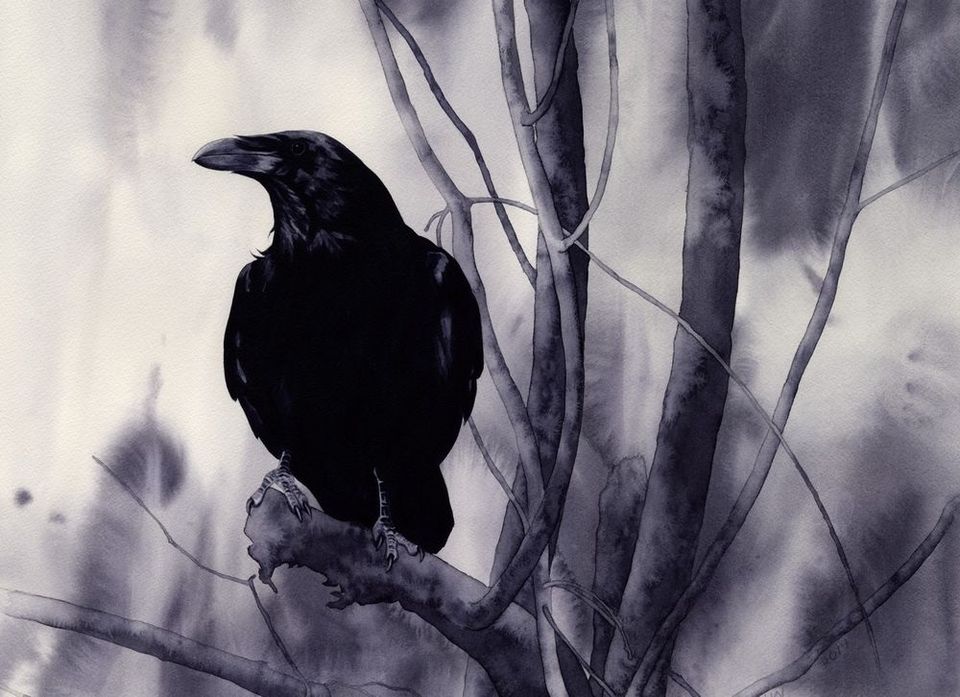 Ворон...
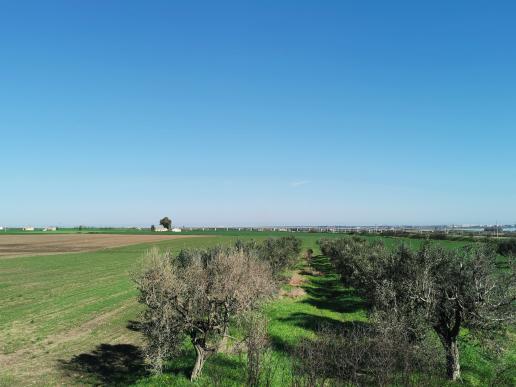 unterwegs nach Térmoli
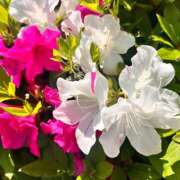 ヒメ日記 2025/04/29 09:35 投稿 ゆうり ぺろぺろベロベロ専科 ぺろんちょ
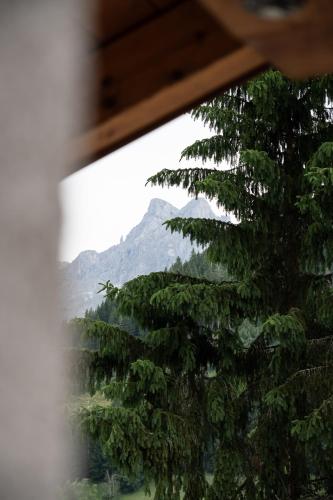 a view of a mountain through a window at Gasthof Schöntal in Werfenweng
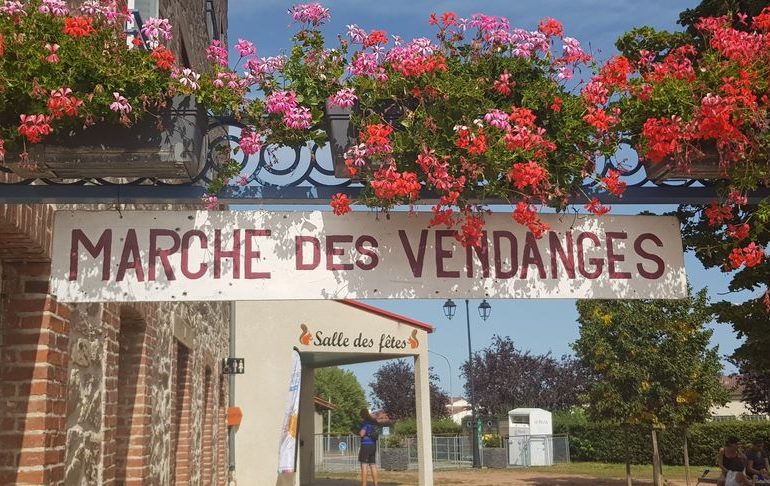 © 32ème marche des vendanges - Familles rurales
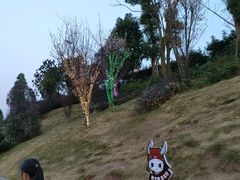 -枫香湖儿童公园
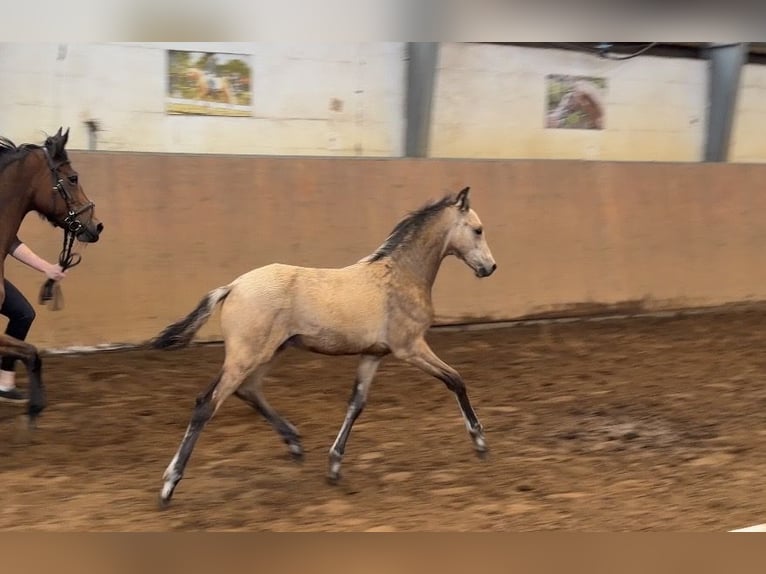 Poney de selle allemand Étalon Poulain (01/2026) 148 cm Buckskin in Achim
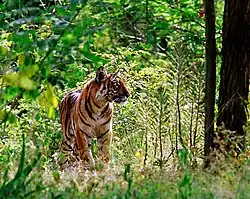 Un tigre de Bengala en el parque nacional Mudumalai, India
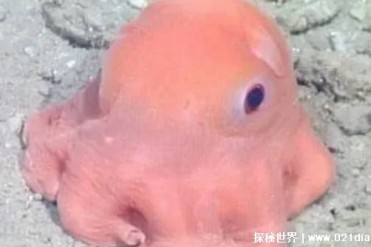 水中的小飞象 号称小飞象却不会飞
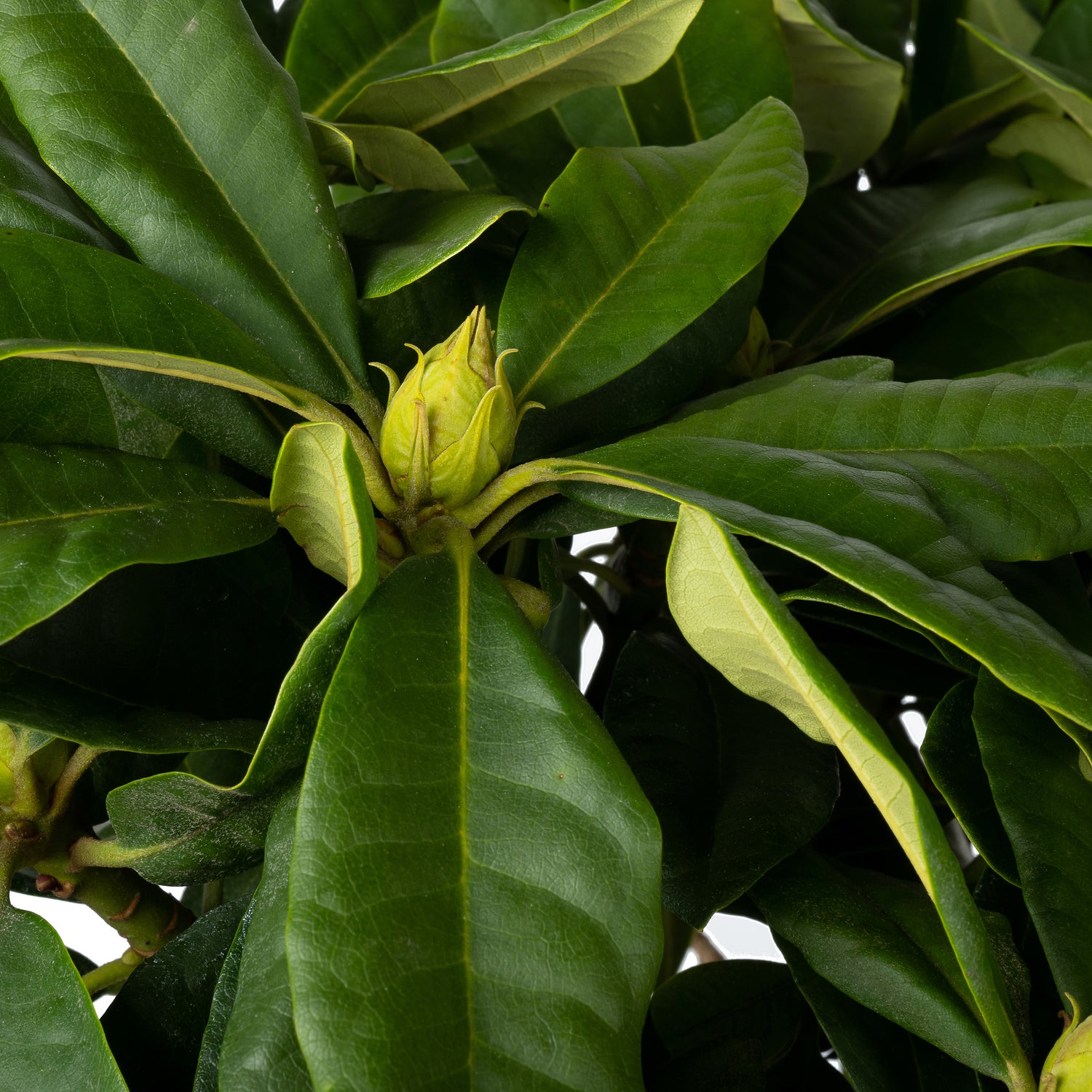 Rhododendron (Rhododendron 'Black Widow') D 23 H 40 cm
******
ACTION ITEM. While skipping the pictures, transcribe the data above from the line showing "ヒメ日記 2025/04/29 09:35" through the line showing "Poney de selle", exactly and with both ends.

EXERCISE OUTPUT.
 ヒメ日記 2025/04/29 09:35 投稿 ゆうり ぺろぺろベロベロ専科 ぺろんちょ
 a view of a mountain through a window at Gasthof Schöntal in Werfenweng
 © 32ème marche des vendanges - Familles rurales
 -枫香湖儿童公园
 Poney de selle allemand Étalon Poulain (01/2026) 148 cm Buckskin in Achim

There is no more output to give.